[Stored data]
____

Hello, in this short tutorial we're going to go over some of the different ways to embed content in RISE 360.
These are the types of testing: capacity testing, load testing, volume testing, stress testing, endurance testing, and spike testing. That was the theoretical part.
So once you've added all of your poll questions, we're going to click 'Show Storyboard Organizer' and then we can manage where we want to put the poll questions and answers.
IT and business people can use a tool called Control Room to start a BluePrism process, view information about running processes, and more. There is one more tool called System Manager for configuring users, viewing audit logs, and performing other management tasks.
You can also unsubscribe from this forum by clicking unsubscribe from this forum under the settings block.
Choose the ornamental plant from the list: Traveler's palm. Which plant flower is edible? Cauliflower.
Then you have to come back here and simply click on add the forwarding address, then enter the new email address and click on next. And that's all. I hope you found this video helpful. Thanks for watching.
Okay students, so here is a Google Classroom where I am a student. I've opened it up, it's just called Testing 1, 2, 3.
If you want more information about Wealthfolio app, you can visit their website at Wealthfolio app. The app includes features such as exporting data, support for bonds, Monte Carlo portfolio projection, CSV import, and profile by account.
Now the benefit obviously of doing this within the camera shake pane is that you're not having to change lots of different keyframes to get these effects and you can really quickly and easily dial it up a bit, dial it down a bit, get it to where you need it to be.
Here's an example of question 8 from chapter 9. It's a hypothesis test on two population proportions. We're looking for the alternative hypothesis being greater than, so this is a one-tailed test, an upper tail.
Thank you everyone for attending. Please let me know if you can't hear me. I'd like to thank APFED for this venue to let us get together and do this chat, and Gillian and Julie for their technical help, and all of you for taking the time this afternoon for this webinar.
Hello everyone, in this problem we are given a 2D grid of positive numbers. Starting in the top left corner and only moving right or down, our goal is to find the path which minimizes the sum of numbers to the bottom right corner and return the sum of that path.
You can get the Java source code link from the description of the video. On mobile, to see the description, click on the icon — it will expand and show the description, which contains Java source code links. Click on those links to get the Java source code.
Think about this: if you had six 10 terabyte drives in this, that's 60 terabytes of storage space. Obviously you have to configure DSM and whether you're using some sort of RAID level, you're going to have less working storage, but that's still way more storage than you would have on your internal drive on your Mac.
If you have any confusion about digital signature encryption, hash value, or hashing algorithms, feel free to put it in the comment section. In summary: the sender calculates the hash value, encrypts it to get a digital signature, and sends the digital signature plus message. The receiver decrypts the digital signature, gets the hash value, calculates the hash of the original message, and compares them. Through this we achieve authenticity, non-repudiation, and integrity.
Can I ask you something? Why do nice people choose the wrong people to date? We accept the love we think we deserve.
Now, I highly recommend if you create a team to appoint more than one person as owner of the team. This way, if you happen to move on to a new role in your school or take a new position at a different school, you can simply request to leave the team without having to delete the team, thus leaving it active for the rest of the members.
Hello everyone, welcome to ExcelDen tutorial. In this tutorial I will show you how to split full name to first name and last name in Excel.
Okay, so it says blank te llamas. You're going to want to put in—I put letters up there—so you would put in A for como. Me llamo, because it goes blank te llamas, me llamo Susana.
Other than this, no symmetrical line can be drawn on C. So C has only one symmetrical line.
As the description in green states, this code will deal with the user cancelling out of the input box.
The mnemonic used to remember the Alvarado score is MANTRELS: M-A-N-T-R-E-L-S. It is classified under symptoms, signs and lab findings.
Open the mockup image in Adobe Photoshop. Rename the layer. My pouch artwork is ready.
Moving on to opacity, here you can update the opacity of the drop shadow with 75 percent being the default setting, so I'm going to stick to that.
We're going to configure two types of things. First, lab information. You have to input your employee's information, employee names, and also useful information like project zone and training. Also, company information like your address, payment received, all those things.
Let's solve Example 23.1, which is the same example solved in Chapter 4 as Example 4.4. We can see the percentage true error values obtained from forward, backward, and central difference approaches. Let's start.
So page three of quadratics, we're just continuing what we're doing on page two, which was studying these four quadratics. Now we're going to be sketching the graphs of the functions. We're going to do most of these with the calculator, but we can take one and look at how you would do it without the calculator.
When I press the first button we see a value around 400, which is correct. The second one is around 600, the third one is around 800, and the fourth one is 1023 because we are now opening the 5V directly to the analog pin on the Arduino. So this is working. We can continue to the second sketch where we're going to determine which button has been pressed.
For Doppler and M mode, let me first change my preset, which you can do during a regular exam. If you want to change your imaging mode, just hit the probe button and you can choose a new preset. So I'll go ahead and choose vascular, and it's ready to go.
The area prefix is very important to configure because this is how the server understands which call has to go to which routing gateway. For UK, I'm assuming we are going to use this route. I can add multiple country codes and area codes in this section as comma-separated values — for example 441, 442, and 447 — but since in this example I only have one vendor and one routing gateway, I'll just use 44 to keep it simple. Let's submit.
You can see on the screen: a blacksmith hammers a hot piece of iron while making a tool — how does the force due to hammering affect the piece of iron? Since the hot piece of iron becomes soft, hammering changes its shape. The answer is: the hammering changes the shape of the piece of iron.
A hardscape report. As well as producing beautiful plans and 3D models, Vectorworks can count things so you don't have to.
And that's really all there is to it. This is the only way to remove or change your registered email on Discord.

____

— WHAT YOU WILL DO —
Show the lines of the records above that mention "tool".

— EXERCISE OUTPUT —
IT and business people can use a tool called Control Room to start a BluePrism process, view information about running processes, and more. There is one more tool called System Manager for configuring users, viewing audit logs, and performing other management tasks.
You can see on the screen: a blacksmith hammers a hot piece of iron while making a tool — how does the force due to hammering affect the piece of iron? Since the hot piece of iron becomes soft, hammering changes its shape. The answer is: the hammering changes the shape of the piece of iron.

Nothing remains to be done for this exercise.